Und was könnte besser werden?

Besser werden müsste unbedingt die innerdörfliche Gestaltung. Es gibt wunderschöne Pläne für die Umgestaltung unseres Barnstorfplatzes, die auf Initiative unseres Vereins von einem Städteplaner erstellt wurden. Ziel ist es, einen begrünten Dorfmittelpunkt zu schaffen.
Auch der ehemalige Dorfteich ist heute ein kleiner grüner Platz, den wir unbedingt erhalten und noch verschönern sollten. Leider hat die Stadt Lehrte nicht die finanziellen Möglichkeiten, dieses zeitnah umzusetzen. Mal sehen, was wir als Verein dazu beitragen können.

Seit zwei Jahren schreiben Bürgerreporter auf myheimat.de, dem Mitmachportal des Anzeigers. Was halten Sie von dem Projekt?

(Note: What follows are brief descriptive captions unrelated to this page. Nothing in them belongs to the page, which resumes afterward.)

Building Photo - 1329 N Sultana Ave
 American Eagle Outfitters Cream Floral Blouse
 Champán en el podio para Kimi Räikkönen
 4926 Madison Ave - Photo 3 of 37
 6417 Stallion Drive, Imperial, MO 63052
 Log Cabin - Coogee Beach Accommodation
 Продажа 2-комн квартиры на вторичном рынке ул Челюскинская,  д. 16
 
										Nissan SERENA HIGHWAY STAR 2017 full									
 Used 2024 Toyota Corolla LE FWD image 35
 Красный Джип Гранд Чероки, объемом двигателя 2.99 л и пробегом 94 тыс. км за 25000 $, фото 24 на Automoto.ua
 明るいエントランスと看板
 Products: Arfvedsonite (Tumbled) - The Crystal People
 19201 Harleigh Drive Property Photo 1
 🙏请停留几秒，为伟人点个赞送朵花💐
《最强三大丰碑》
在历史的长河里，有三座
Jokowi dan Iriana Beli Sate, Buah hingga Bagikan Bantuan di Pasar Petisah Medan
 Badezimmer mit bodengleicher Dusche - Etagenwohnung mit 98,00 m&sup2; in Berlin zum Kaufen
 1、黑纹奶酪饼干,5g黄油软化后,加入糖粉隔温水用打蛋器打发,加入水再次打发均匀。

Mit dem Namen "myheimat" habe ich meine Probleme. Ich finde ihn ziemlich fantasielos und auch recht unpassend. Ein Mitmachportal finde ich gut und unterstützenswert. Es sollte allerdings nicht die journalistische Arbeit ersetzen.
Bislang denke ich, unsere Berichte werden in unseren eigenen Infobriefen, auf unserer Internetseite, dem Ahltener Vereinskurier und der Rubrik “Mein Verein” im Landkreisanzeiger mehr gelesen. Aber ich wäre auch bereit, ab und zu etwas auf myheimat.de zu berichten. Es gibt einige schöne Geschichten aus Ahlten, die durchaus auch für Nicht-Ahltener lesenswert wären.